OpenDNS Accuses Dell, Google Of Spyware

    May 23, 2007
    WebProNews Staff

The deal between Dell and Google that places Google’s toolbar on new Dell PCs has OpenDNS founder and CEO David Ulevitch questioning their practices.

OpenDNS Accuses Dell, Google Of Spyware
OpenDNS Accuses Dell, Google Of Spyware

Removing the Google Toolbar from a new Dell system doesn’t completely take away Google’s effect on a PC. Ulevitch thinks this borders on placing spyware on new computers, for the sake of boosting the razor-thin margins in Dell’s PC business.

"(T)he opportunity for Dell to get a recurring revenue stream from an existing customer long after the sale of the computer is more than just enticing, it’s huge," said Ulevitch. "It also means a couple other things:"

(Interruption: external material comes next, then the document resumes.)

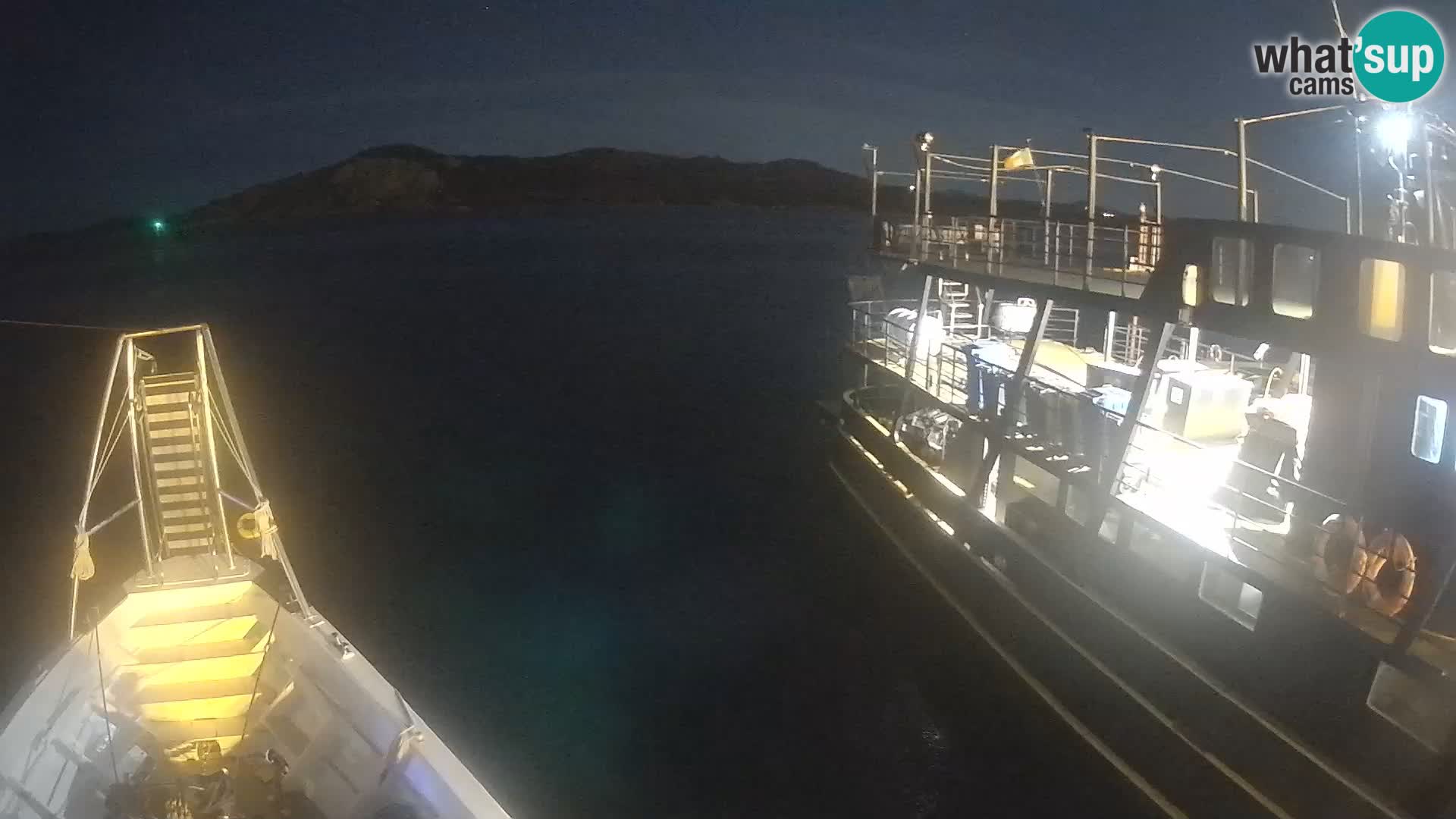 Le bateau Lo Squalo IV – webcam en direct arcipelago La Maddalena – Sardaigne – Italie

  1. Dell and Google have an incentive to make it very hard for users to turn this off.
  2. Because users can’t get rid of it, Dell and Google can get away with putting more ads on the page and pushing user-relevant content off the page.

The toolbar installation is only part of the problem, according to Ulevitch:

In fact, uninstalling the Google Toolbar won’t get rid of it. Dell and Google are now installing a second program on computers that intercepts all sorts of queries that the browser would normally try to resolve. This program has no clear name and is very hard to uninstall. In some circles, people would call this spyware.

A piece of software called Browser Address Error Redirector, or Google AFE on older systems, has to be uninstalled to make the redirection behavior go away for good.